11.26.2004

thoughts on thanks....

Every year at Thanksgiving, I think of our first Thanksgiving together. Kelsey and I were married in July of 1989 (she was 12), and at that fall, we were houseparents at a boys home in Williston, North Dakota. We found ourselves at a Thanksgiving Service there at an Assemblies of God Church. The pastor opened the mic for anyone who wanted to share what they were thankful for, and the first family to the front was one that I knew had been out of work for six months. He had recently found a job and they were on the road back to financial stability, but they had lived half the year in a very difficult position.

At this point, I was just a few months into thinking about how to pay for things - I had literally never lived on my own or thought much about how the food arrived at the table. I went straight from High School and living with my parents to living in a college dorm to marriage, and it was only when we got married that I began to understand what it meant to make ends meet.

Here stood a man who had carried those pressures in an extraordinary way for six months. His family never missed church. He looked for work dilligently....and yet nothing had broken open for them until just recently. He stood there and thanked God for all the lessons learned during this time of difficulty, for growing closer to his wife, and for the help from the community of faith around him. He showed me joy in difficulty - thankfulness in all things. He cried. We cried. And we all were thankful.

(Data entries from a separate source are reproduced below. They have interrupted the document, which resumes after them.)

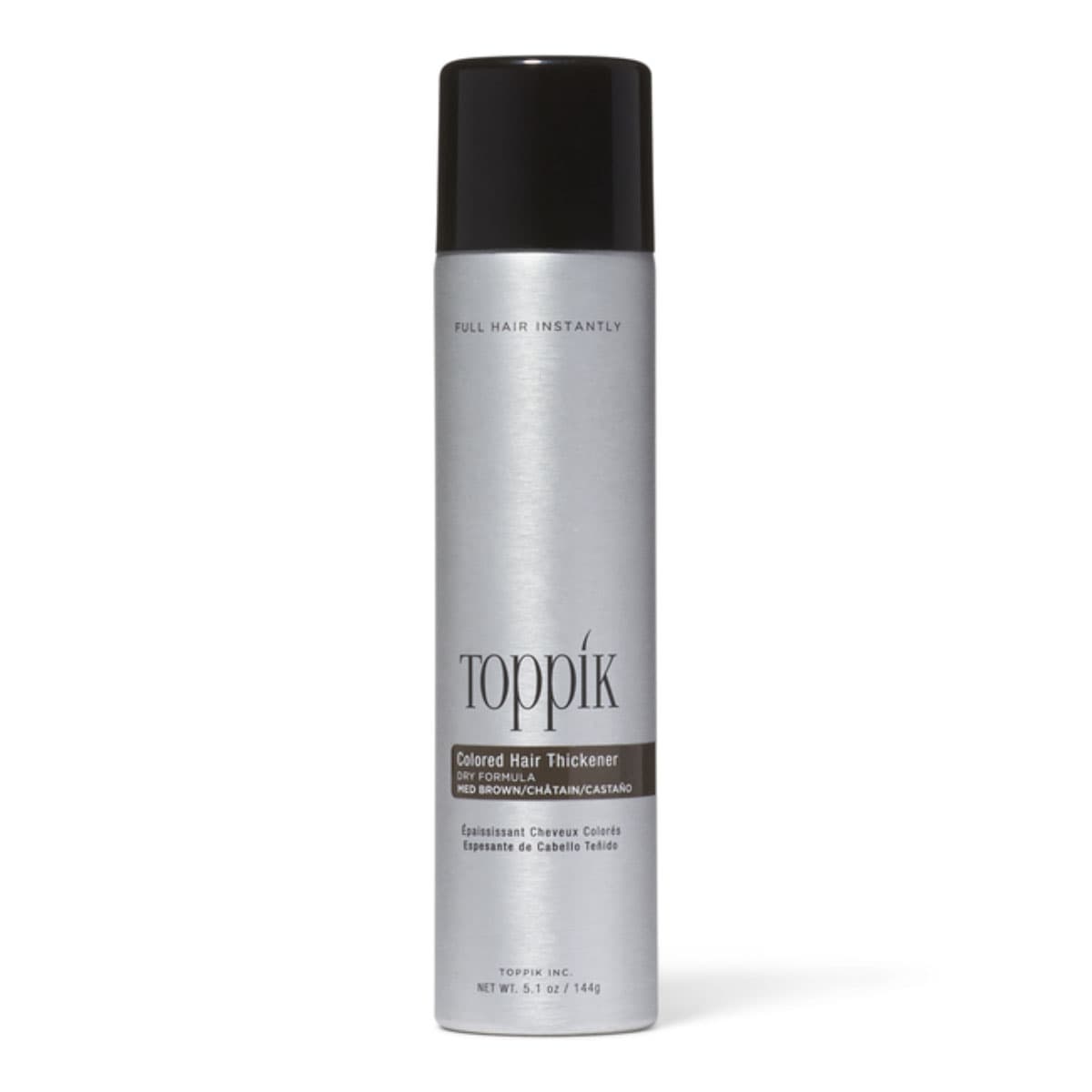 Toppik-Hair-Thickener-Spray-min.jpg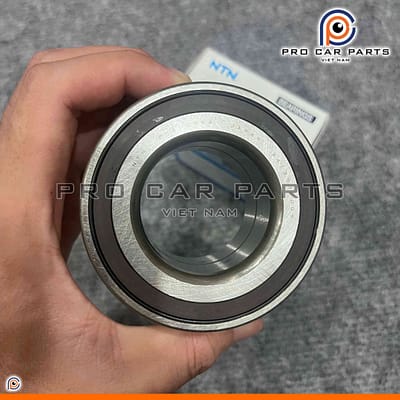 Bạc Đạn Bánh Trước Xpander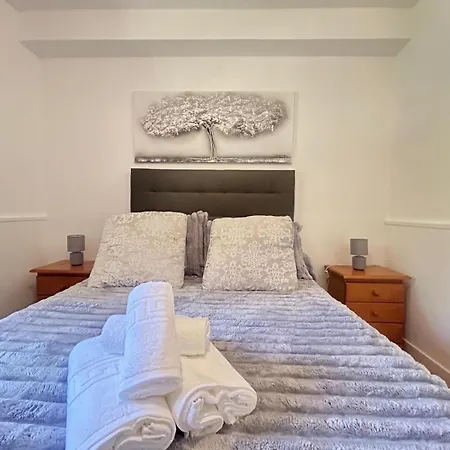 Tahiti Playa. * Nerja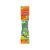 Haribo spagetti almás sour 200g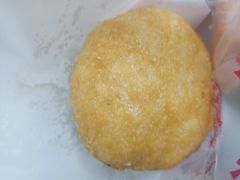 -京天红酒家(虎坊路店)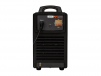 Сварочный аппарат для ручной дуговой сварки TECH TIG 400 P (W322) - st-e.info - Брянск
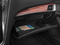 2014 Cadillac CTS Sedan 4dr Sdn 2.0L Turbo Luxury AWD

Yesterday was a great one. After loading up the boys to go downtown with a group of others to feed the homeless, we spent the afternoon at the house with sundry and assorted friends, feasting on turkey and all the trimings. Kelsey, Diane, Cheryl, John, and Costco outdid themselves. It made me want to fully enter into the spirit of the day and wander out into the backyard blasting musket balls at venison and shouting pilgrimy things like "I beseech thee!" and "Thine fancy hatband showeth you to be a liberal!" Instead, I ate....played Scrabble with Jackson....and was very, very thankful.